National heritage site in Seychelles

La Plaine St. André is a colonial-era sugarcane plantation located in the southeast of Mahé, Seychelles.

== History ==
The national heritage estate, situated in Au Cap and formerly recognised as Eco-Musée, traces its origins to 1792. Originally owned by Jean-Francois Marie Jorre de St. Jorre, who hailed from Saint Andre de La Reunion, the estate was named La Plaine St. Andre. It stretched from Au Cap to Anse Royale. During Seychelles' time as a French colony, it was a major plantation, supplying much of the island's southern area with agricultural produce.

In 1996, the national anthem of Seychelles, Koste Seselwa was composed by David André and Georges Payet at an old house at La Plaine St. Andre.

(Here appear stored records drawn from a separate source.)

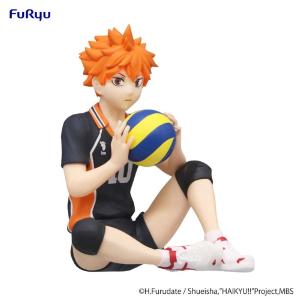 Haikyu!! Noodle Stopper Shoyo Hinata FURYU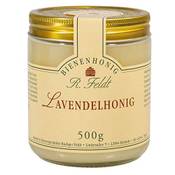 Feldt Honig Lavendelhonig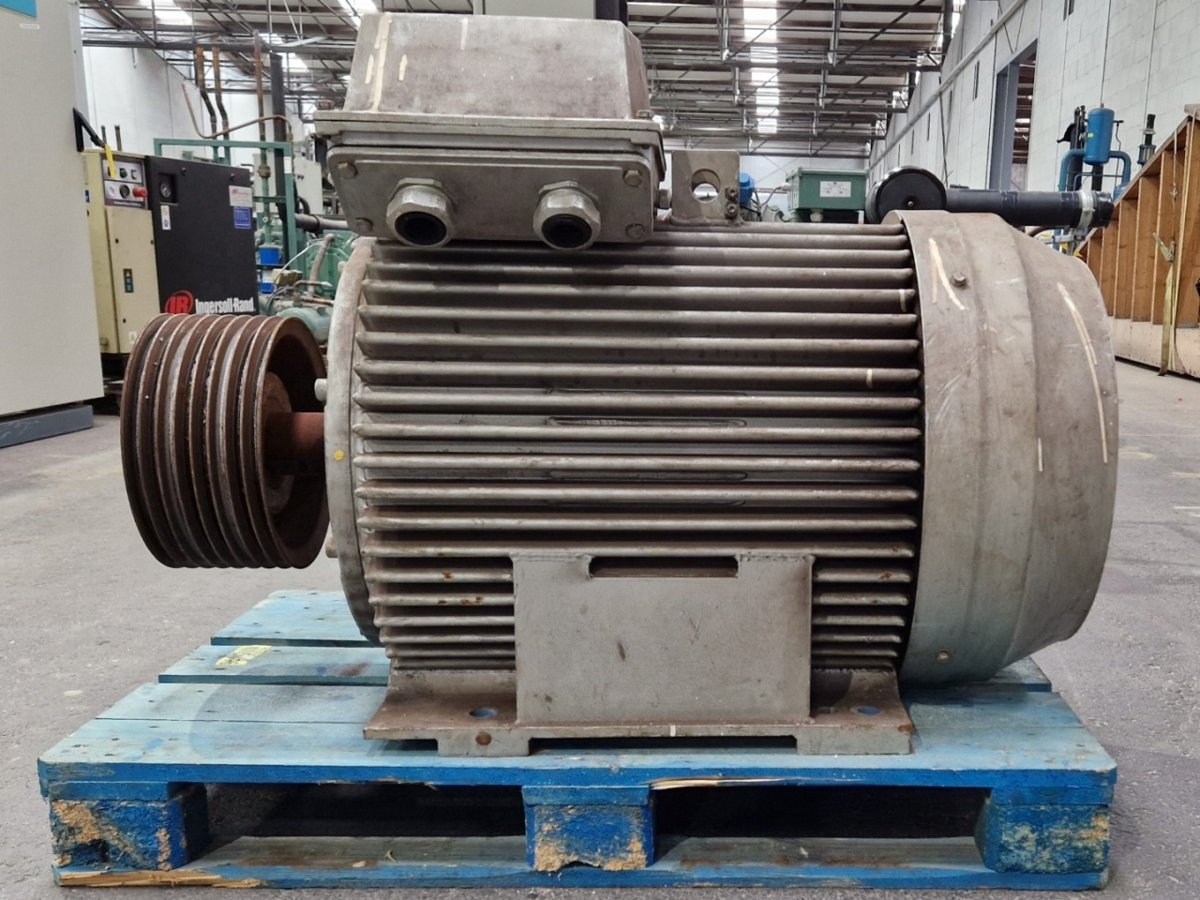 ABB Marine 315 SMA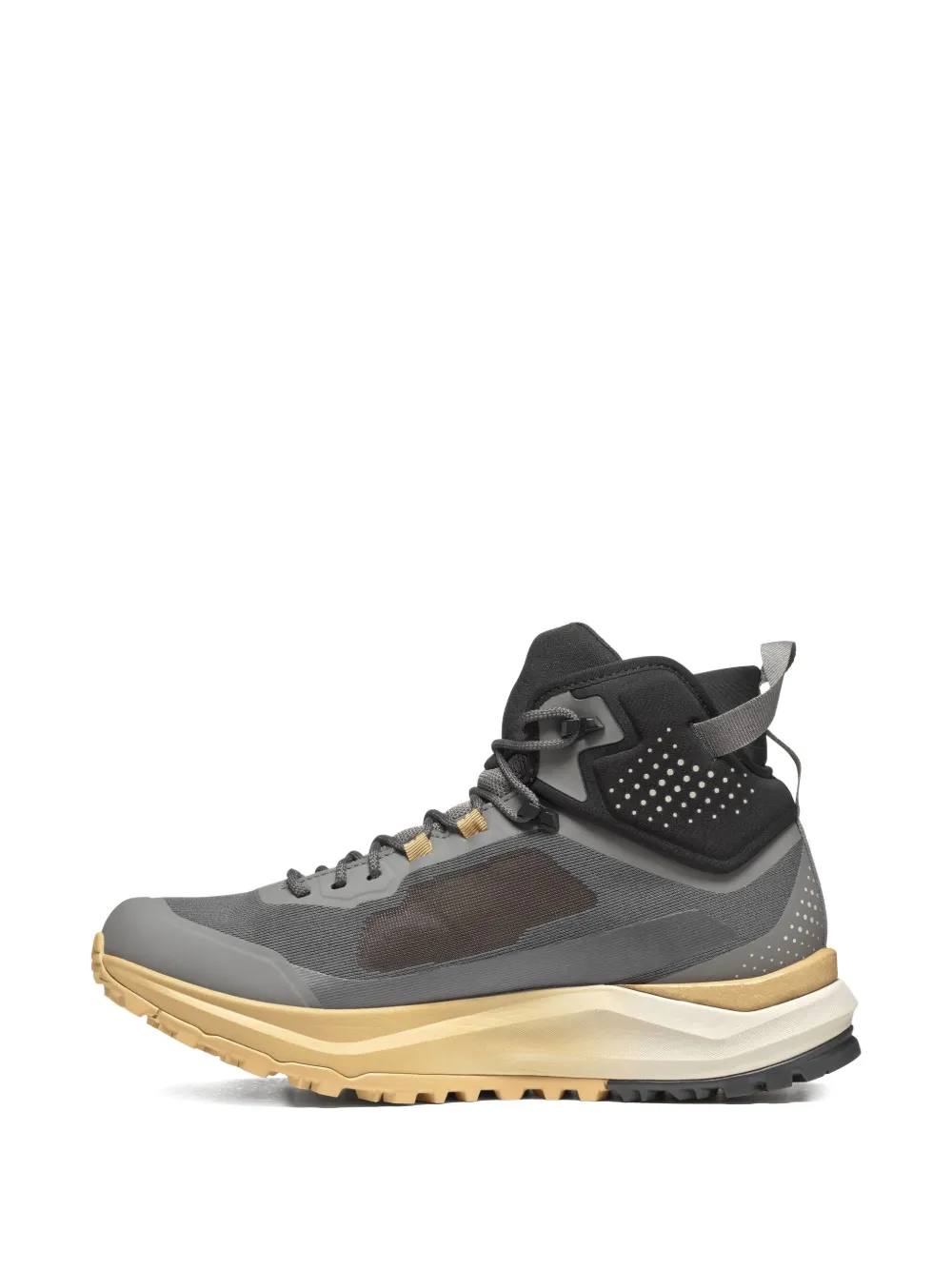 Tecnica Agate Gore-Tex Trekking sneakers Grijs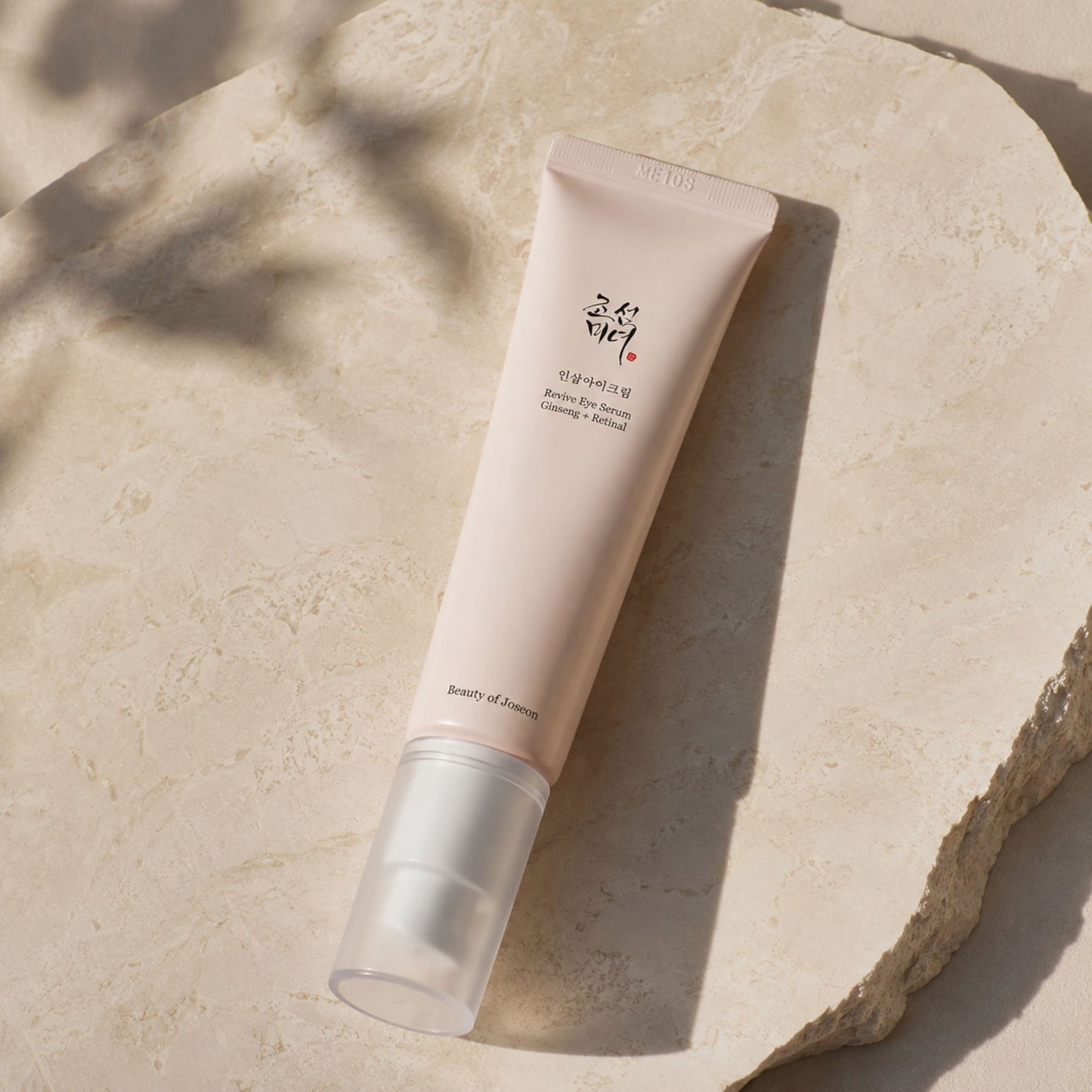 Beauty of Joseon Revive Eye Serum: Ginseng + Retinal 30ml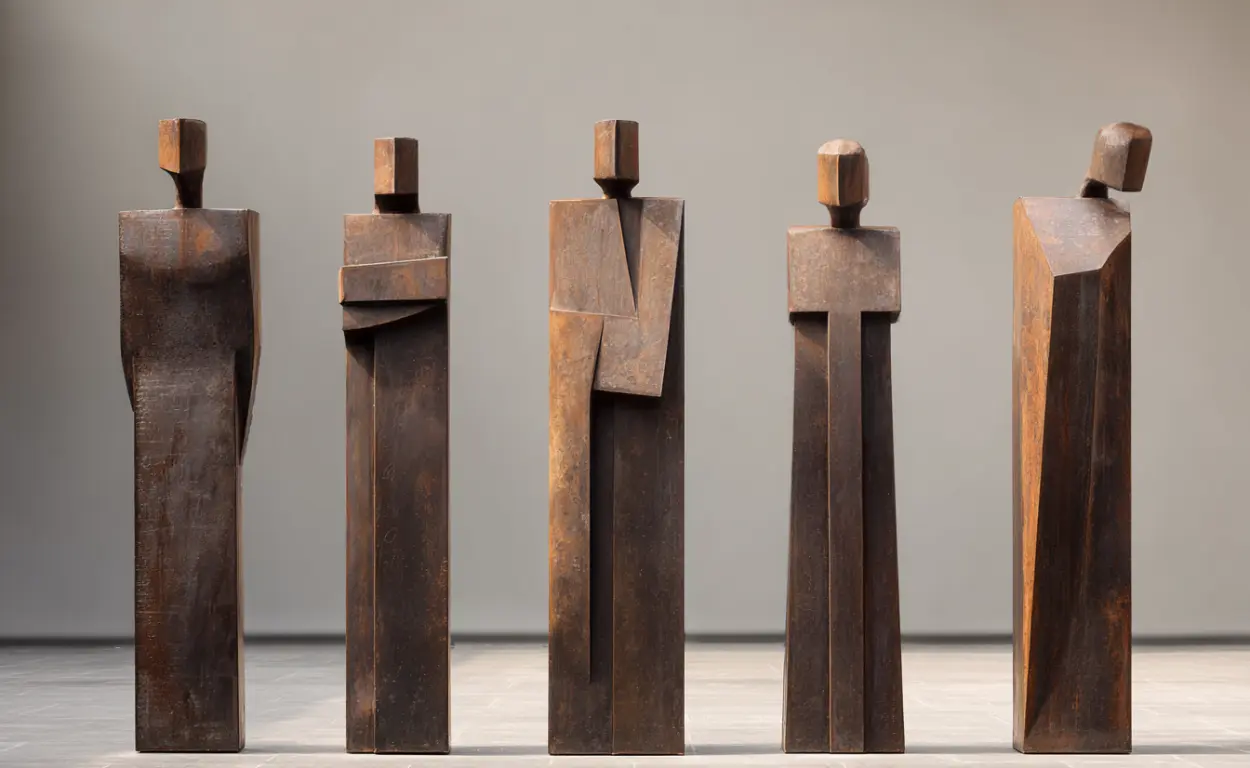 Outdoor Sculptures in Metal: The Complete Guide to Architectural & Site-Specific Installations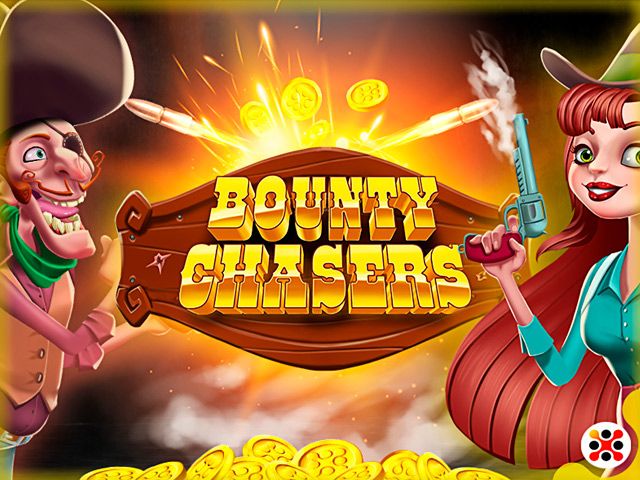 Bounty Chasers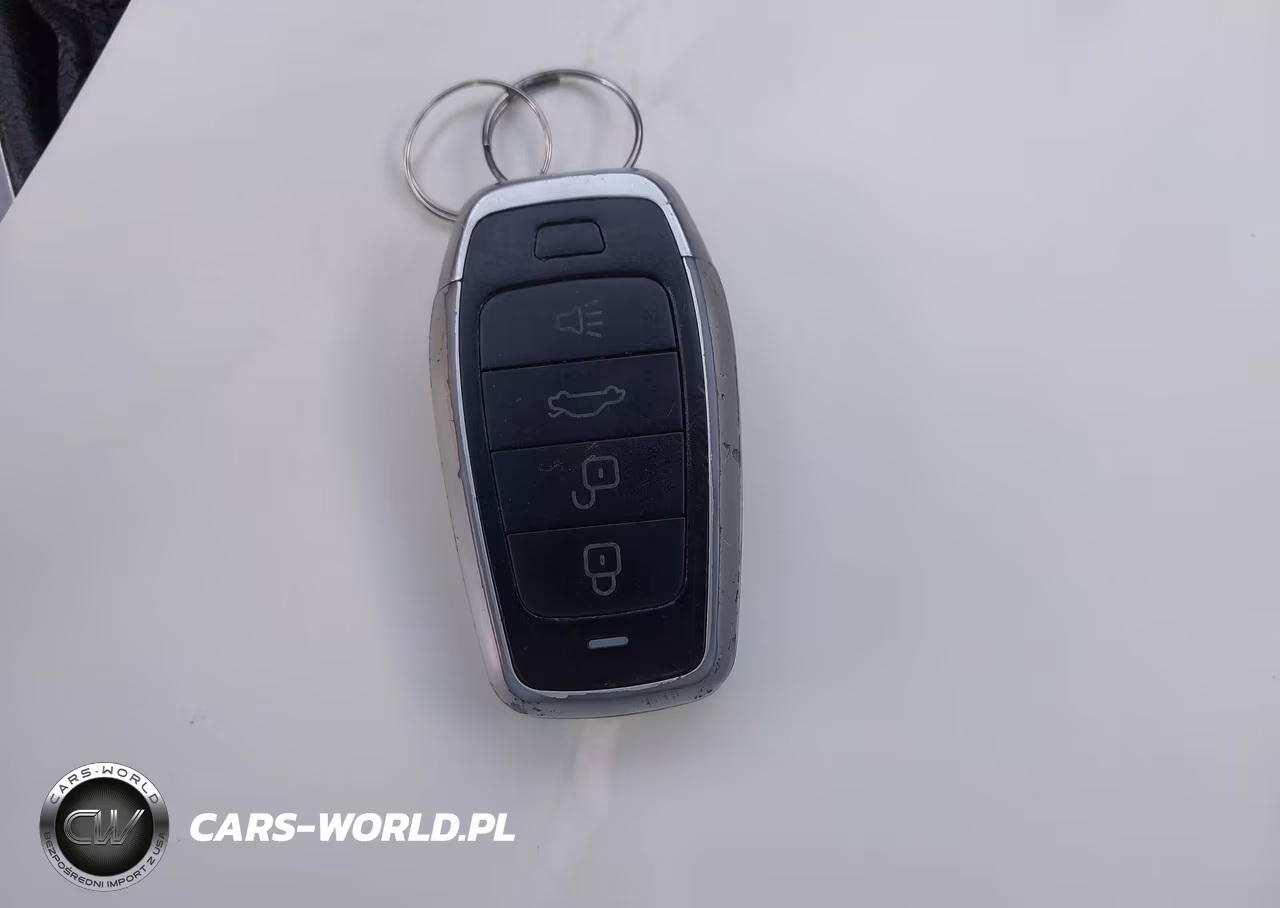 2019 Acura Ilx Premium Package-Technology Package VIN:19UDE2F73KA015576 - 11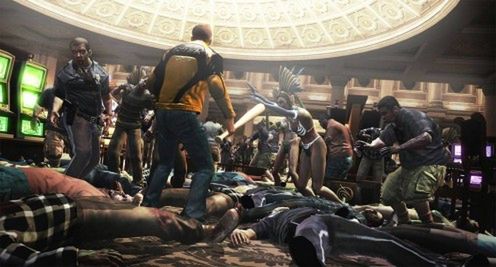 TGS 2009: Dead Rising 2 1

In 2007, Trois Frères Distillery, the creators of Takamaka Rum, entered a long-term lease agreement with the Seychelles Heritage Foundation (SHF) to oversee the management of the estate.

=== Historical discrepancies ===
There isn't enough evidence to confirm that "La Plaine Saint André" was built around 1792. According to local historian Julien Durup, the wooden structures wouldn't last that long in Seychelles' humid climate with termites. Jean-François Marie Jorre de Saint Jorre, born in La Réunion in 1758, arrived in Seychelles in April 1790, not as one of the first settlers as previously believed. He was granted land at Pointe La Rue and Anse Aux Courbes, while his wife also received land in 1792. If Jean-François named his property "La Plaine Saint André" out of nostalgia for his birthplace, it doesn't mean he built his mansion at the same time.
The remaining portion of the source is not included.